The SIM2D Procedure

Introduction to Spatial Simulation

The purpose of spatial simulation is to produce a set of partial realizations of a spatial random field (SRF) $Z(\bm {s}), \bm {s} \in D \subset \mathcal{R}^2$ in a way that preserves a specified mean $\mu (\bm {s})=E\left[Z(\bm {s})\right]$ and covariance structure $C_ z(\bm {s}_1-\bm {s}_2)=\mr {Cov}\left(Z(\bm {s}_1),Z(\bm {s}_2)\right)$. The realizations are partial in the sense that they occur only at a finite set of locations $(\bm {s}_1, \bm {s}_2,\cdots ,\bm {s}_ n)$. These locations are typically on a regular grid, but they can be arbitrary locations in the plane.

PROC SIM2D produces simulations for continuous processes in two dimensions by using the lower-upper (LU) decomposition method. In these simulations the possible values of the measured quantity $Z(\bm {s}_0)$ at location $\bm {s}_0=(x_0,y_0)$ can vary continuously over a certain range. An additional assumption, needed for computational purposes, is that the spatial random field $Z(\bm {s})$ is Gaussian. The section Details: SIM2D Procedure provides more information about different types of spatial simulation and associated computational methods.

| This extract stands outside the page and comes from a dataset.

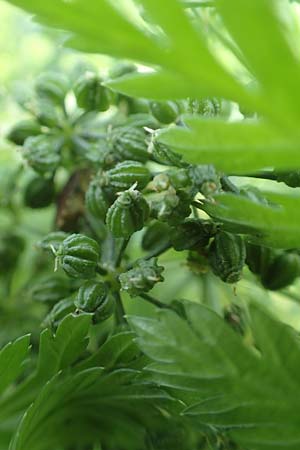 Conium maculatum \ Gefleckter Schierling, Flecken-Schierling / Hemlock, D Mannheim 24.10.2019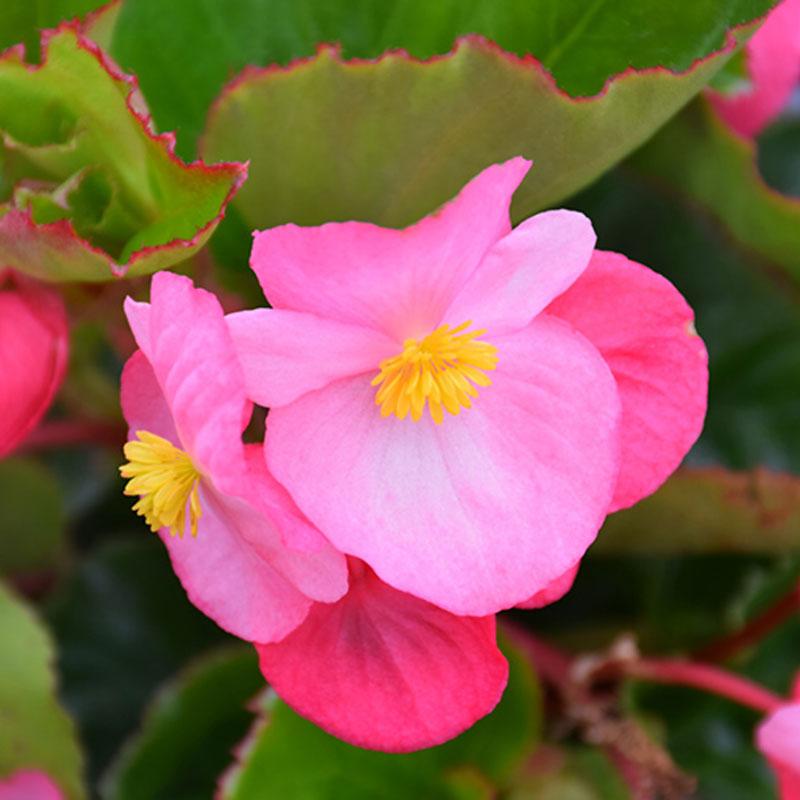 Begonia Green Leaf Pink Flower Punnet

Spatial simulation is different from spatial prediction, where the emphasis is on predicting a point value at a given grid location. In this sense, spatial prediction is local. In contrast, spatial simulation is global; the emphasis is on the entire realization $(Z(\bm {s}_1), Z(\bm {s}_2),\cdots ,Z(\bm {s}_ n))$.

Given the correct mean $\mu (\bm {s})$ and covariance structure $C_ z(\bm {s}_1-\bm {s}_2)$, SRF quantities that are difficult or impossible to calculate in a spatial prediction context can easily be approximated by functions of multiple simulations.